Extract the lines from the first one in the records below through the line containing "How's it going", keeping both ends and leaving out any pictures.

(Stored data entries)
┄┄┄┄┄┄┄┄┄┄┄┄┄┄┄┄┄┄┄┄

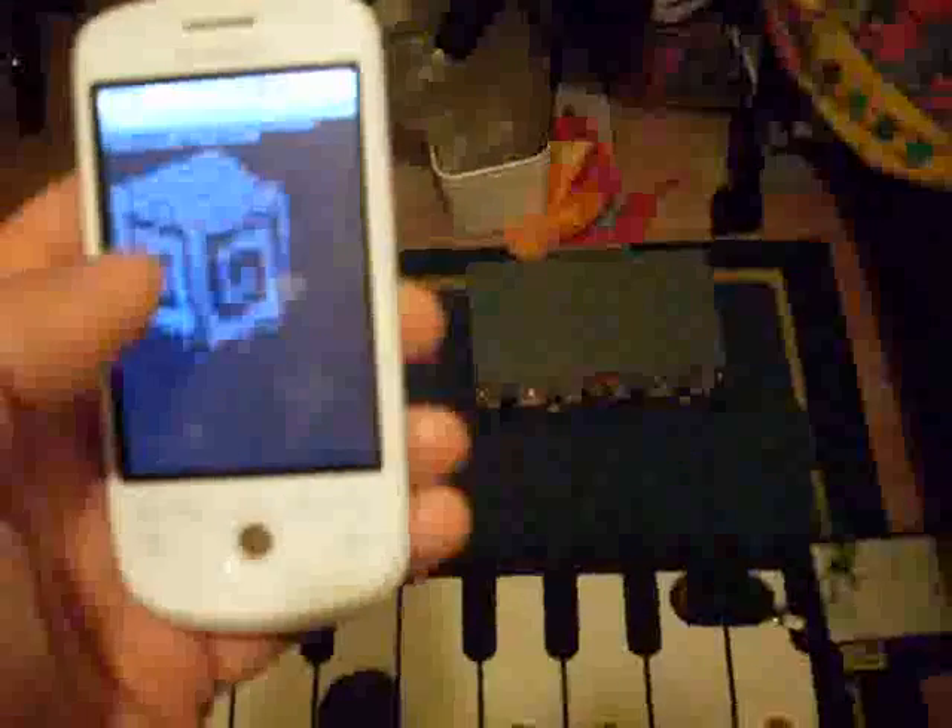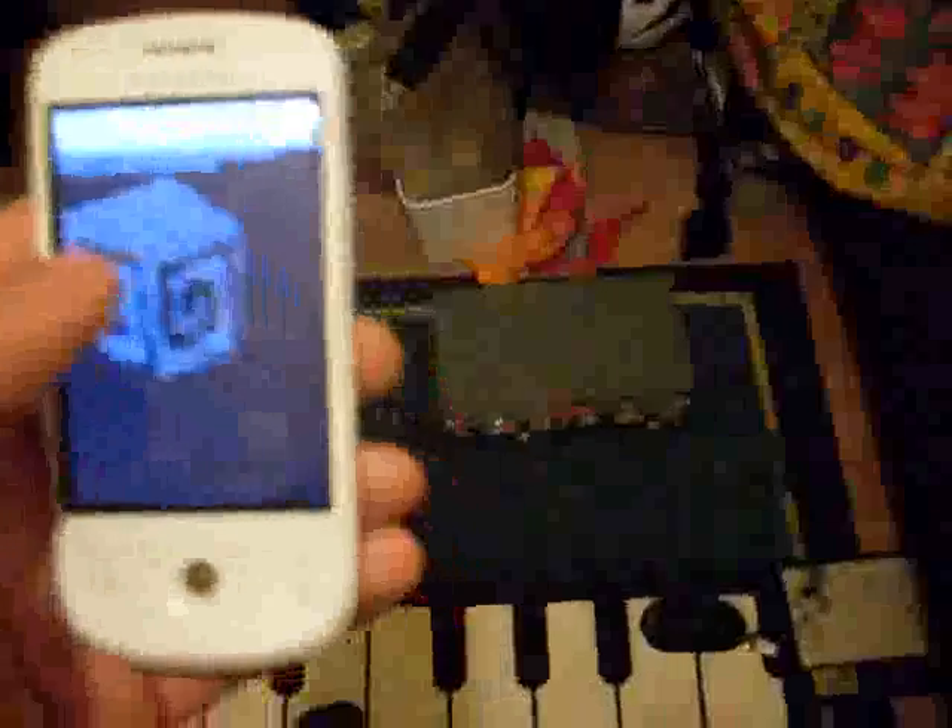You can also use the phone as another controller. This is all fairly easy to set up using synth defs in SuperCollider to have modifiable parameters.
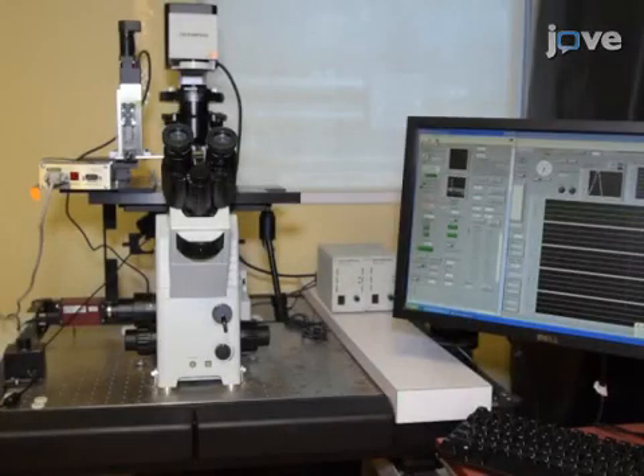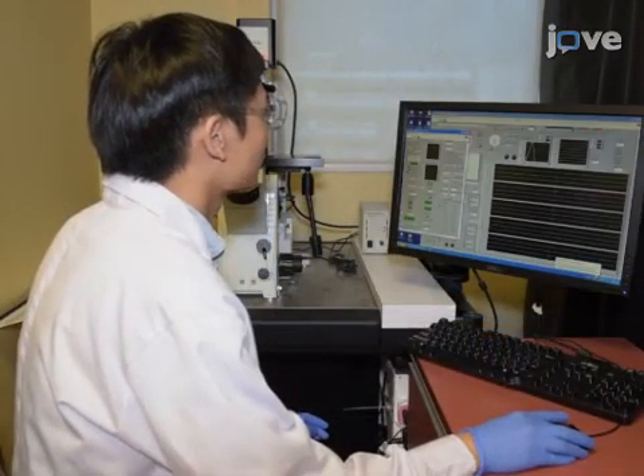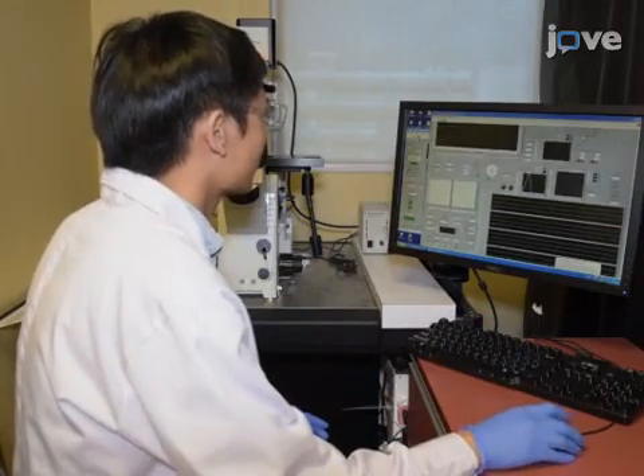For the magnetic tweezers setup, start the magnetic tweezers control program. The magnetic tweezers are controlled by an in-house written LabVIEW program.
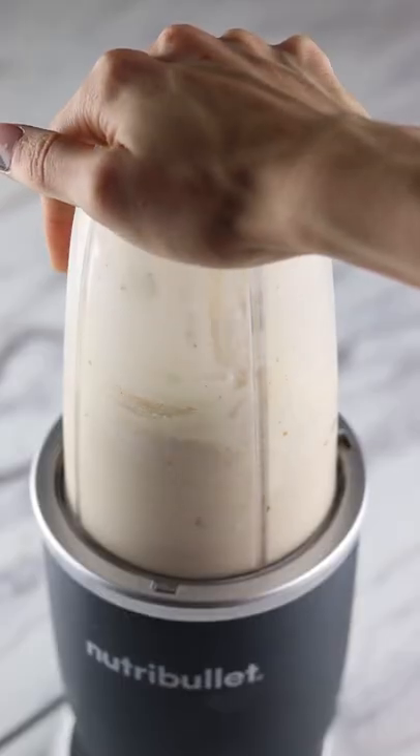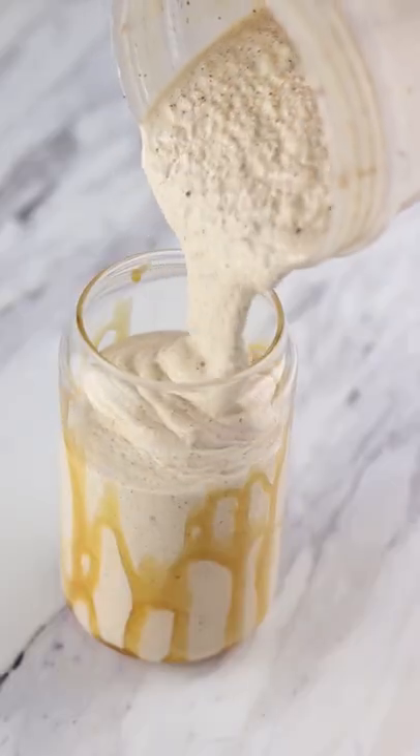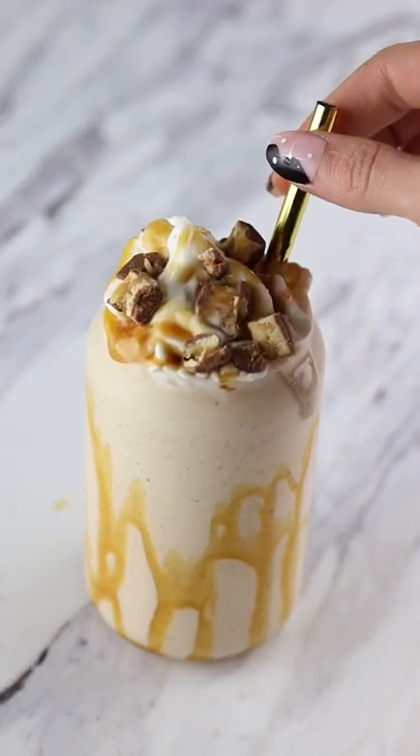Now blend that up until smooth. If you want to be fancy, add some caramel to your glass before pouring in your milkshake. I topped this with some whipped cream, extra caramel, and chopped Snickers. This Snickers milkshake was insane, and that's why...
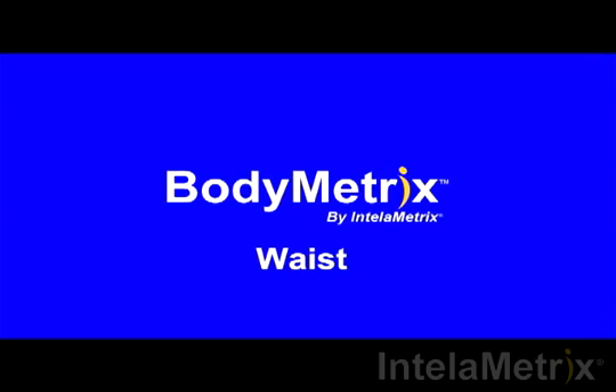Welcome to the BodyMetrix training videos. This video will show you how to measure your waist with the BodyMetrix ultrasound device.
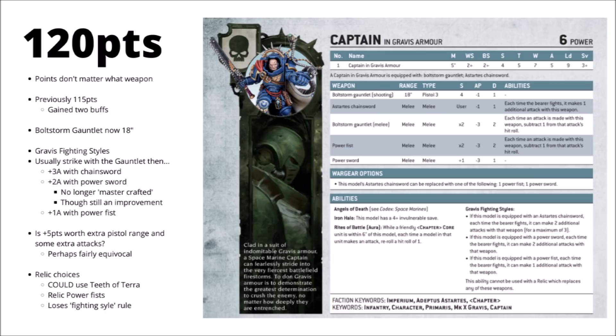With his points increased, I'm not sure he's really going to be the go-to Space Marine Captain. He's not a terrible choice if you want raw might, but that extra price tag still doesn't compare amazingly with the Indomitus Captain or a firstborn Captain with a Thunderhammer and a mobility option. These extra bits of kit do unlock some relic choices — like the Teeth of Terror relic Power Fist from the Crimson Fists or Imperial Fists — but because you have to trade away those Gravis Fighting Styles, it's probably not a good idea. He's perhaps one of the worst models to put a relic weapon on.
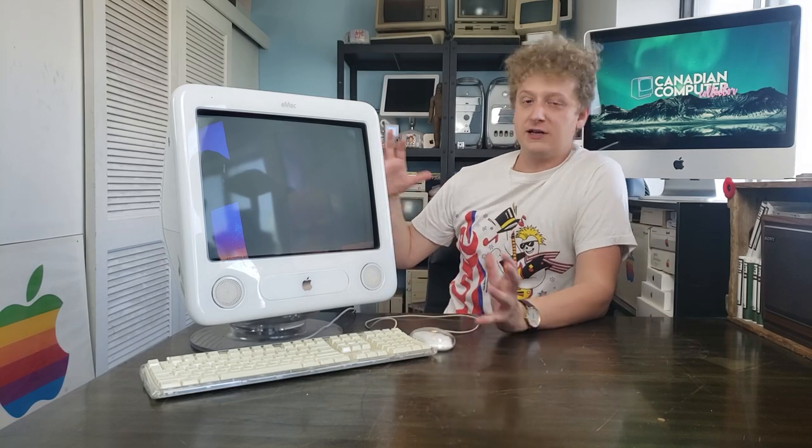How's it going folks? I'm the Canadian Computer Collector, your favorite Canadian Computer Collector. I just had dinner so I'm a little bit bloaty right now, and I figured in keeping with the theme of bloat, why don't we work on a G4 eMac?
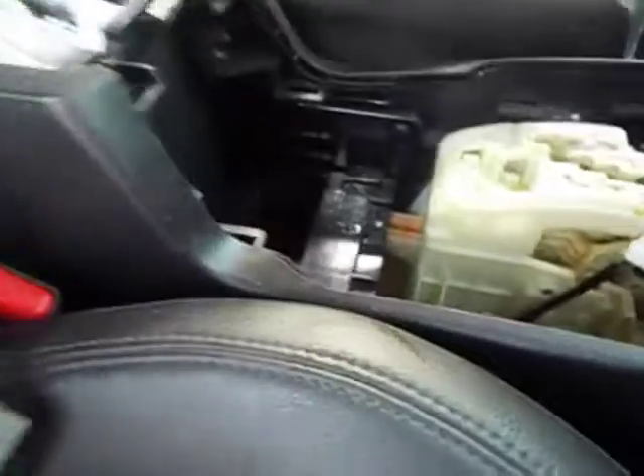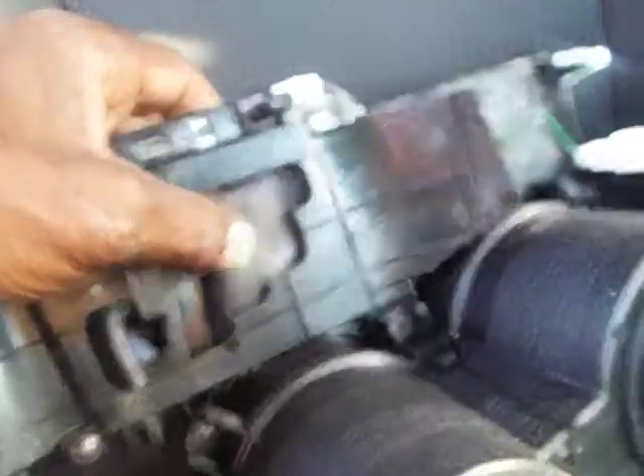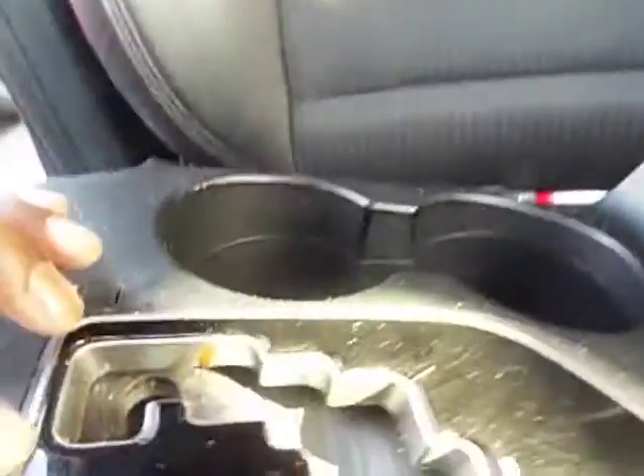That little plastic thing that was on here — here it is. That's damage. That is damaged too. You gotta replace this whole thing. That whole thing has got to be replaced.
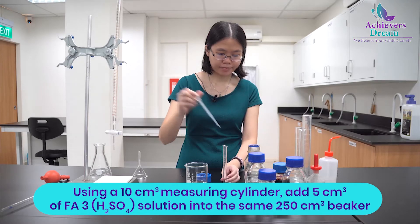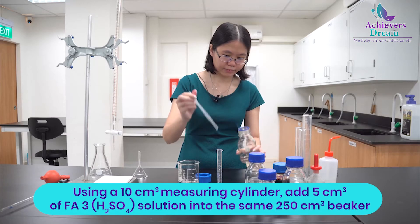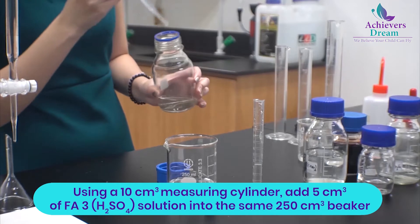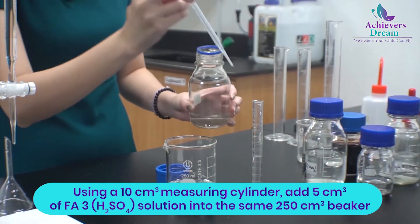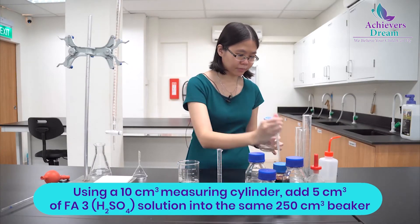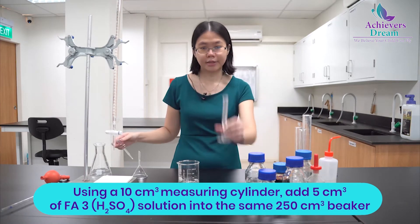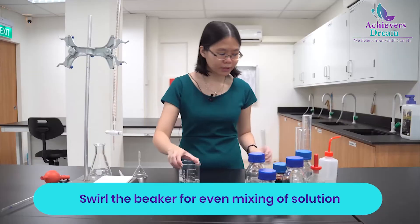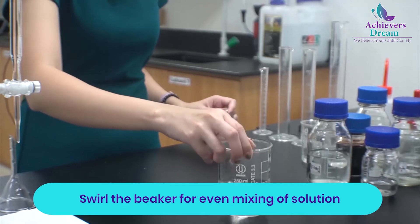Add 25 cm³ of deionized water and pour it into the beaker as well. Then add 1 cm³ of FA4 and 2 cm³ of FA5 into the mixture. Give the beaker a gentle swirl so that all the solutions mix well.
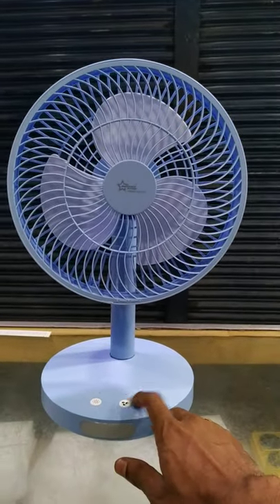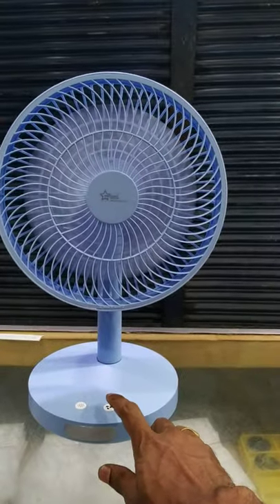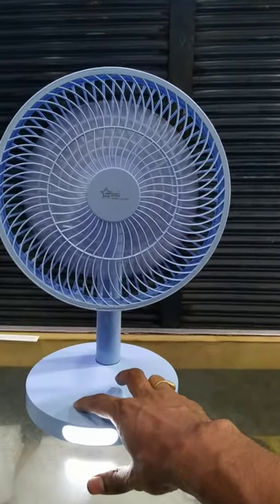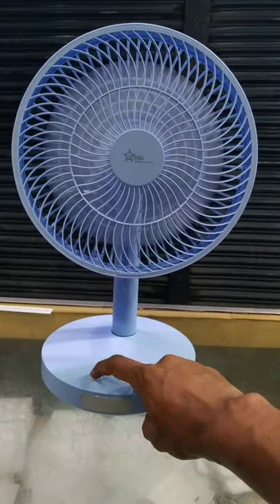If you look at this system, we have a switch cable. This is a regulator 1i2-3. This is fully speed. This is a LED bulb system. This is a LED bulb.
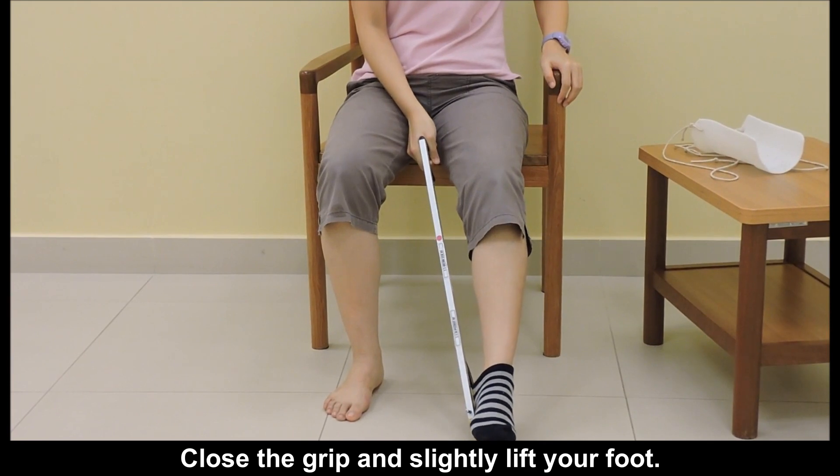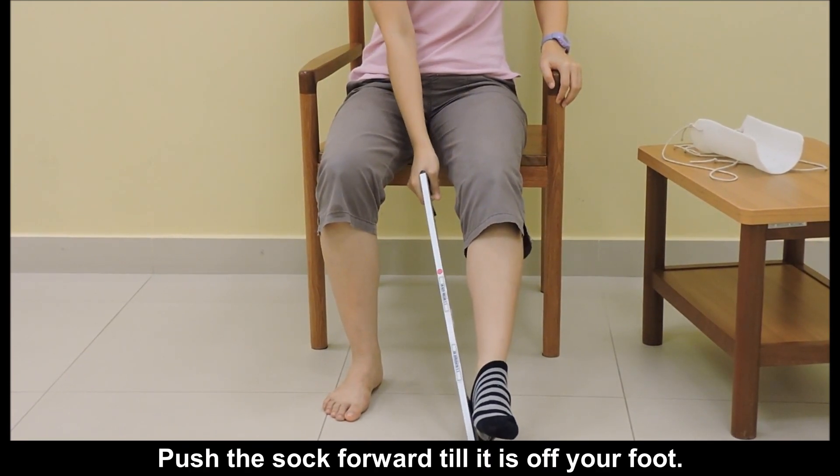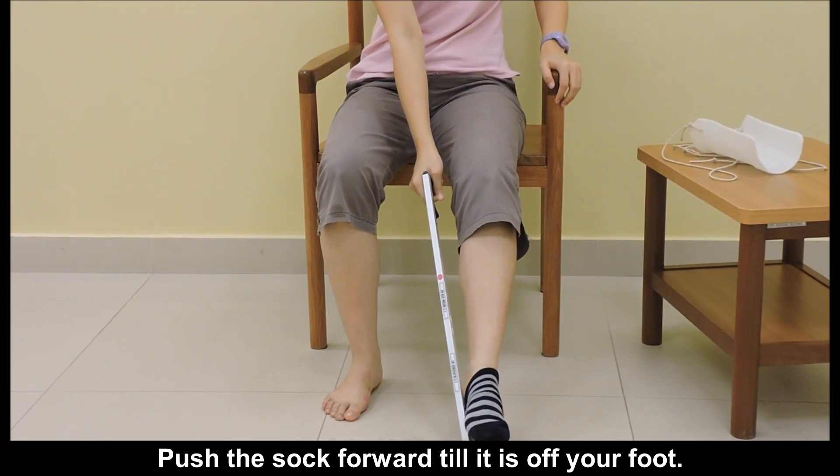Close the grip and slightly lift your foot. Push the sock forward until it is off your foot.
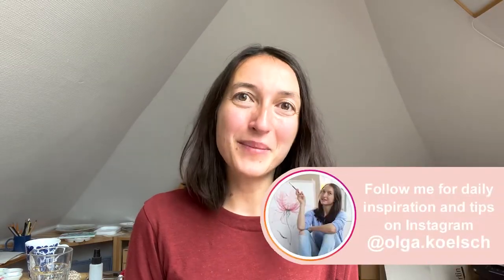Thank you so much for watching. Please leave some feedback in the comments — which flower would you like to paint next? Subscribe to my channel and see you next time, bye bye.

┄┄┄┄┄┄┄┄┄┄┄┄┄┄┄┄┄┄┄┄

▶ Written response:
You can also use the phone as another controller. This is all fairly easy to set up using synth defs in SuperCollider to have modifiable parameters.
For the magnetic tweezers setup, start the magnetic tweezers control program. The magnetic tweezers are controlled by an in-house written LabVIEW program.
Now blend that up until smooth. If you want to be fancy, add some caramel to your glass before pouring in your milkshake. I topped this with some whipped cream, extra caramel, and chopped Snickers. This Snickers milkshake was insane, and that's why...
Welcome to the BodyMetrix training videos. This video will show you how to measure your waist with the BodyMetrix ultrasound device.
With his points increased, I'm not sure he's really going to be the go-to Space Marine Captain. He's not a terrible choice if you want raw might, but that extra price tag still doesn't compare amazingly with the Indomitus Captain or a firstborn Captain with a Thunderhammer and a mobility option. These extra bits of kit do unlock some relic choices — like the Teeth of Terror relic Power Fist from the Crimson Fists or Imperial Fists — but because you have to trade away those Gravis Fighting Styles, it's probably not a good idea. He's perhaps one of the worst models to put a relic weapon on.
How's it going folks? I'm the Canadian Computer Collector, your favorite Canadian Computer Collector. I just had dinner so I'm a little bit bloaty right now, and I figured in keeping with the theme of bloat, why don't we work on a G4 eMac?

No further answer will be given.